Pecou hopes to use this opportunity to continue to "blur the lines" between art and life. He hopes to be a "catalyst for change" in our perception of self and others. He hopes, always, to be "part of the conversation." And he hopes, in the near future — absolutely — to be "that guy" in visual arts.
"During [President Obama's] inauguration, when they had the concert on the Mall the day before, they had all of these different representatives from America's cultural community presenting on stage," says Pecou. "They had actors and dancers and writers, rappers — everybody was there. But in that whole group of presenters, not a single person was a visual artist. Every facet of American culture was represented except visual art.
"I didn't see the lack, I saw the potential. And I said to myself that I want to be that guy. The next time they come calling, I want to have positioned myself, that they can't have that without, one: the visual arts represented, and two: without it being Fahamu Pecou." C
For more information on programming during Fahamu Pecou's residency, visit www.mccollcenter.org and www.ganttcenter.org. For more information on the artist, visit http://fahamupecouart.com.
FAHAMU-RELATED EVENTS
Something Like a Fahamenon: '90s Jam
Date: Sept. 11
Location: Harvey B. Gantt Center for African-American Arts + Culture, 551 S. Tryon St. 704-547-3700. www.ganttcenter.org.
Time: 9 p.m.-1 a.m.
21 and older
Admission: Advanced tickets are available for $10 online or at the Center prior to Sept. 11. Gantt Center Members: $8 (before Sept. 11); tickets will be available for purchase at the door for $15 unless the event is sold out. Limited tickets available.
Passage of Right: Call & Response
Date: Sept. 18
Location: McColl Center for Visual Art, 721 N. Tryon St. 704-332-5535.
Time: 1 p.m.-2 p.m.
Admission: Free
15 Project with Fahamu Pecou
Date/time/location: Oct. 9, 3:30 p.m.-5:30 p.m. Gantt Center.
Date/time/location: Oct. 28, 6 p.m.-8 p.m. McColl Center.
Admission: Free
10 "FAHAMENISMS" ON LIFE AND ART (According to Fahamu Pecou)
1. On his fantasy: "One of my current fantasies — and maybe if I continue to fantasize it will materialize — is to host Saturday Night Live. I would really love that."
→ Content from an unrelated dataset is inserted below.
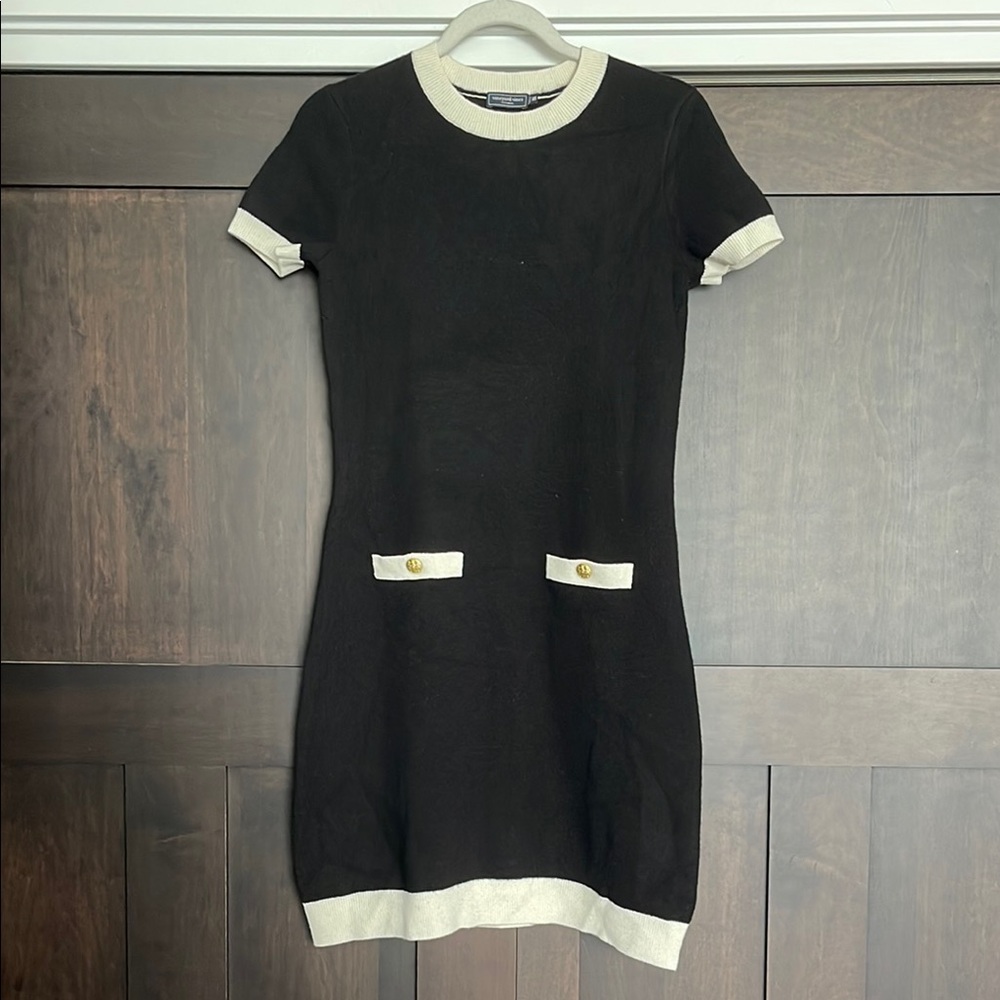 Vineyard Vines Women’s Black Short Sleeve Cashmere Sweater Dress Gold Buttons XS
2. On his worst job: "I was a porter in a nursing home in Newark, N.J. (What does a porter in a nursing home do?) Exactly what you think, clean up behind a bunch of sick, old people — and it was in Newark, which sweetened the deal."
3. On his playlist when he's creating: "I recently got put on to a great group called Little Dragon ... my music collection is really all over the map. I'm a big house music head, definitely the Golden Era hip-hop classics — as evidenced from my haircut, I'm perpetually stuck in 1991. A lot of world beat stuff, Afrobeat music. [When I'm in the studio], I just put it on shuffle and let it ride."
4. On where he was when Obama got elected: "I was about a quarter inch through a bottle of rum, in front of my TV, surrounded by friends. And we would take shots every time Obama won a state. By the time 9:30/10:00 rolled around, we were all completely trashed."
5. On conversations with his children about art: "The largest conversation is, ‘You'll enjoy it, just c'mon!’ I really don't try to force anything with them; I really try to just try to encourage them to be creative and not be afraid to express themselves. "
6. On the title of his unauthorized autobiography: "Fahamenon."
7. On what it takes to create and consistently create work: "It takes commitment, it takes discipline, it takes faith ... The people who make it are those who are unafraid or are much more willing to go the extra step, to go the extra mile, to hustle just a little bit harder. It's a balance of creativity and ethic, and you can't have one more than the other or one without the other."
8. On the purpose of art, and the role art should play in a society: "I've heard once, that in the future, historians will tell what happened, artists will tell how it felt. And that's how I look at art. Artists have a unique ability to not only capture the significant moments in time, but the significant emotions of those times. Art should be about holding up that sort of emotional/mental mirror up to society, in truth-telling. Such that, a thousand years from now, people who want to get a sense of what happened a thousand years before, are able to do that.”
9. On artists he collects in his home: “I like to collect a lot of young artists, mostly friends of mine who I consider myself rising with. Pamela Sunstrum is in my collection, another young artist named Cosmo White — I'm trying to think of my man's name, this dude is so dope — Lawrence Lee. And I do a lot of exchanges for art. That's another buddy-passion of mine, art collecting.”
10. On the future: "Years from now, I would like to be painting, traveling the world experiencing different things and really seeing or feeling at least, that the work that I'm doing is making a difference. I don't know if it's a contradiction to say this, but even though it's my face on these paintings, the work is not about me. It's about my community, it's about all of us — not just the black community, but all of us."